Future Vision (Post‑V51)

  • Multi‑agent collaboration. Explore architectures in which multiple, specialised AI agents run different runners in parallel. An RUNNER_ORCHESTRATOR would coordinate their work, manage dependencies and merge outputs, enabling faster and more complex projects.
  • Self‑healing protocol. Implement a feedback loop where insights from the RUNNER_POST_MARKET and other post‑deployment phases automatically propose and draft refinements to the protocol itself. The AI could identify recurring pain points, update templates and suggest improvements to runners or cartridges.

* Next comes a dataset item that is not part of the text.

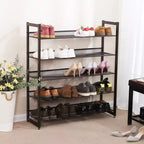 SONGMICS Meuble à chaussures, étagère à chaussures empilable à 5 niveaux, maille métallique, range-chaussures plat ou incliné pour 20 à 25 paires, bronze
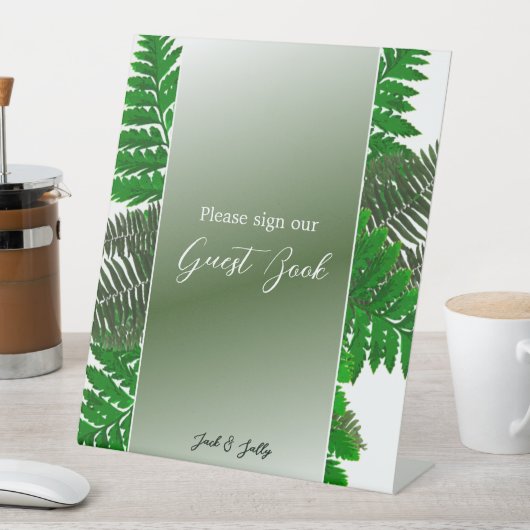 Rustic Botanical Fern Wedding Reclamebord Met Voetstuk (Insitu)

  • Extended compliance & ethics gates. Incorporate new regulations (e.g. emerging AI legislation) and ethical frameworks into the protocol. Develop runners and cartridges that help users navigate these requirements.
  • Community contributions. Foster a plug‑in ecosystem around the GCP, making it easy to share new runners, cartridges, test suites and visualisation tools. Encourage academic and industry partners to contribute domain expertise.

This roadmap is aspirational. Milestones and goals may evolve as AI capabilities advance and community needs change. Your contributions and feedback are welcome as we continue to make the Genesis Code Protocol a trusted framework for AI‑assisted innovation.